One of my key motivators for starting Sound Matters was the loss of experience and musical discovery that happens when you surrender all music ownership to the internet.
The abundance of choice online is amazing, and it’s never been easier or cheaper to access more music than a person can consume in a lifetime. The trouble is, the experience just isn’t the same, and the element of music discovery is almost lost entirely. I mean, come on, how many folks fire up a streaming service like Spotify or Tidal and start browsing for something completely new or unknown?
Back in the old days, of course, we’d get to know the local record store owner who would make recommendations. Friends would swap favourite records to share their musical discoveries. This sense of shared experience—combined with the beauty of vinyl as a physical product—is what many of us miss and is one of the reasons why vinyl refuses to die. Unsurprisingly then, I was very excited to discover a vinyl subscription service like Wax & Stamp, where the emphasis is on the anticipation of music discovery. As they quite aptly put it, “With the internet, we’ve been blessed with getting all that music but instantaneously, typically for free and without having to leave the house. But what about that serendipity of finding something you’d never heard before?”
Read in for the full review, or check out our summary video below.
Wax & Stamp’s Offering:
There’s a growing number of vinyl record subscription services to choose from, so it’s important each service focuses on a niche. As we’ve already alluded to, Wax & Stamp are all about music discovery. For £30 each month, you will receive two records (one album and one EP or single), along with a monthly letter about each selection. The beauty of it is, you won’t know what those records are until they land on your doorstep, so it’s perfect for those who love to discover something new.
Wax & Stamp is a UK-based subscription service, so it will likely appeal mostly to our UK readers, but they will ship around the world with additional shipping fees.
The team kindly sent me their recent May and June subscription boxes, so I’ve been able to get a real sense of what they’re all about and the variety on offer.
In the May issue, I received a copy of Marigolds ‘Hot Springs’ as the LP and a wonderful small-run 7-inch single by a Bristol-based act named Cosmit. The first thing that strikes me is just how much goes into the presentation. The monthly letter giving the backstory behind each selection is a great read, and the individual brown paper labels state who selected the record and how it should be played (for example, the speed, or recommended volume!) Beautifully personal, elegant, and simple, each subscription issue is an experience you’ll anticipate month after month.
The second thing that struck me was just how exclusive the releases feel. The Marigolds LP (a dreamy sounding modern indie gem) is one of only 150 pressings. Similarly, the Cosmit 7-inch is the second exclusive pressing of a promo single, which is very difficult to obtain. The music on this one was probably my favourite of the two: it had a raw punk-rock energy that is rarely heard these days; the artwork is typical of an up-and-coming band flogging 7-inch singles at gritty venues.
So far, so good.

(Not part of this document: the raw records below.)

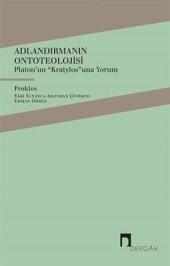 book Adlandırmanın Ontoteolojisi: Platon'un "Kratylos"una Yorum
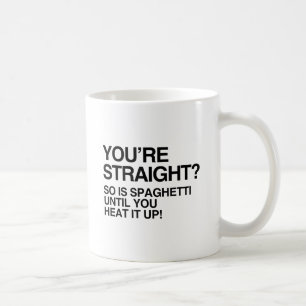 SPAGHETTI IS STRAIGHT UNTIL YOU HEAT IT UP.png Coffee Mug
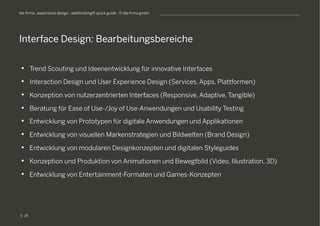 S
die firma . experience design . webthinking® quick guide . © die firma gmbh
•  Trend Scouting und Ideenentwicklung für innovative Interfaces
•  Interaction Design und User Experience Design (Services, Apps, Plattformen)
•  Konzeption von nutzerzentrierten Interfaces (Responsive, Adaptive, Tangible)
•  Beratung für Ease of Use-/Joy of Use-Anwendungen und Usability Testing
•  Entwicklung von Prototypen für digitale Anwendungen und Applikationen
•  Entwicklung von visuellen Markenstrategien und Bildwelten (Brand Design)
•  Entwicklung von modularen Designkonzepten und digitalen Styleguides
•  Konzeption und Produktion von Animationen und Bewegtbild (Video, Illustration, 3D)
•  Entwicklung von Entertainment-Formaten und Games-Konzepten
Interface Design: Bearbeitungsbereiche
25
 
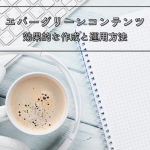 エバーグリーンコンテンツとは？効果的な作成と運用方法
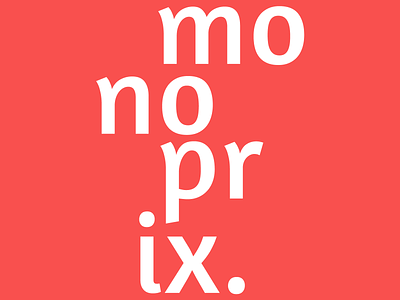 Monoprix ! boutique magasin minimal monoprix new old price rebrand red retail shop store typo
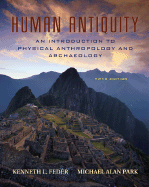 Human Antiquity: An Introduction to Physical Anthropology and Archaeology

The experience reminded me of how we’d trade music as kids. Either physically or digitally, the feeling of anticipation was the same. I miss this experience dearly.
Next comes the June issue. The presentation is consistent with the first issue, and I can see that this month’s selection comes courtesy of their latest team member, Matt. I enjoyed the story behind the first selection, and the June issue is no different. It would seem current events often inspire the monthly selections, as Matt proclaims that “The world just keeps getting crazier and crazier…” (I think we can all relate to that!).
The LP is a terrific African funk compilation, inspired by his dad’s time in Africa and subsequent love for the continent’s music. I just loved the music on this one. I’m a huge fan of funk music, be it from classic acts such as Parliament and Funkadelic, or more recent acts such as The Red Hot Chili Peppers. I also love the 70’s offerings of Santana, where Jazz-funk starts to play a centre role, and for me this release from Africa Seven ticks all those same boxes. Clearly, there’s a whole of African funk music out there that I’ve been missing all my life!
The June single is a 12-inch EP from Footshooter (The Libations & Movement EP). This is a much more contemporary number coming from the DJ and Producer, Barney Whittaker (AKA Footshooter). If you’re a fan of South London’s music scene, and you like out-of-this-world basslines, you’ll love this LP. For many, this is the sound of London right now, and the poetry is raw and powerful. I would never have chosen this record if left to my own devices, but that’s the beauty of Wax & Stamp – be ready to explore beyond your boundaries. Get out of your comfort zone and discover a world of music that’s all around you—you’ll be glad you did.